Selanjutnya Enny juga menegaskan, untuk proses diseminasi dan hilirisasi memang ada beberapa tahapan yang bisa dilakukan, baik dengan pemda maupun industri atau UMKM. Untuk pemda melalui kerja sama dan alih teknologi, salah satu contoh dengan Kabupaten Sumenep Jawa Timur.

“Sumenep merupakan daerah penghasil jagung yang cukup tinggi, sehingga menjadi satu komoditas unggulan di sana. Kabupaten Sumenep membutuhkan teknologi diversifikasi produk yang diharapkan bisa menjadi alternatif pangan pokok yang bisa dimanfaatkan oleh masyarakat di sana,” papar Enny.

Keuntungan yang ditawarkan ketika industri ataupun mitra menggunakan teknologi yang sudah dikembangkan oleh BRIN, yakni sudah siap diimplementasikan. Selain itu juga mendapatkan pendampingan selama proses menggunakan teknologi, dan BRIN terbuka untuk melakukan pendampingan.

Berbagai upaya komersialisasi telah berjalan, termasuk kemitraan strategis dengan pemda, PT Nuang Prima, dan PT Sedana. Kerja sama ini menyoroti keberhasilan transfer teknologi dan branding produk yang kini dikenal di bawah merek Mocca Pasta.

“Dari penjualan produknya, mereka juga bisa memberdayakan tenaga kerja lokal untuk peningkatkan nilai ekonomi. Komoditas pertanian lokalnya serta tentunya bisa memberikan kontribusi terhadap ketahanan pangan nasional,” tutur Enny.

Sementara itu, Kepala PRKM BRIN Roni Maryana, menyampaikan rasa syukur dan apresiasi atas konsistensi penyelenggaraan forum tersebut.

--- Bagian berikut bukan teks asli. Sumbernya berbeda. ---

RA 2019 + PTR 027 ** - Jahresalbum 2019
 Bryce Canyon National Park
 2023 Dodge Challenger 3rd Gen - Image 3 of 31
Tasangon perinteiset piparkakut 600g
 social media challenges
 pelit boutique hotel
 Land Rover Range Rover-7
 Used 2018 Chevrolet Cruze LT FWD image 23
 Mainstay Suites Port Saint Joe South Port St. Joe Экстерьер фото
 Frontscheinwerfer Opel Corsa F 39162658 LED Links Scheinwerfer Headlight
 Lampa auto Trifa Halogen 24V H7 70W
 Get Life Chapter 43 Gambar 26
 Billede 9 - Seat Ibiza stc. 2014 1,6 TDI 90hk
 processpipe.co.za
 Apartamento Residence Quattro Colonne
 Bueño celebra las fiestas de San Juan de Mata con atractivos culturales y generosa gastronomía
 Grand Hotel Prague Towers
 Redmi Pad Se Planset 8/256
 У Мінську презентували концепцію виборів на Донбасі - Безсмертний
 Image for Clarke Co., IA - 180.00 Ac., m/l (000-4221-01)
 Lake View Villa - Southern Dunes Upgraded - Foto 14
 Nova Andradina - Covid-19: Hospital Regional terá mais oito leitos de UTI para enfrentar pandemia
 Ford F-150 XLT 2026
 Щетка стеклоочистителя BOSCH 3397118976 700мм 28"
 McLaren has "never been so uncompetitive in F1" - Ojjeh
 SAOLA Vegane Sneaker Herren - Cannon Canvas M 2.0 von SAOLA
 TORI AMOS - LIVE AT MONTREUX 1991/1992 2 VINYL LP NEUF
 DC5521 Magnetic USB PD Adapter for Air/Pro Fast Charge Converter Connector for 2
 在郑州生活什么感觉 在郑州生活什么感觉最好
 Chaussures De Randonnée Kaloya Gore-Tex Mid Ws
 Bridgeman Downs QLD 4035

Ia menegaskan bahwa Jejak Kimia Molekuler bukan sekadar wadah diseminasi atau pemaparan hasil penelitian.

“Forum ini menjadi jembatan penting yang menghubungkan riset dasar di laboratorium dengan riset terapan di industri dan masyarakat. Sehingga hasil penelitian dapat memberikan manfaat nyata dan berdampak luas,” ujarnya.

Roni mengatakan, pengenalan purwarupa menunjukkan bahwa riset BRIN tidak berhenti pada publikasi ilmiah.

“Di sisi lain, berkembang menjadi inovasi terapan yang meningkatkan nilai tambah sumber daya lokal dan memperkuat kemandirian teknologi nasional,” pungkasnya.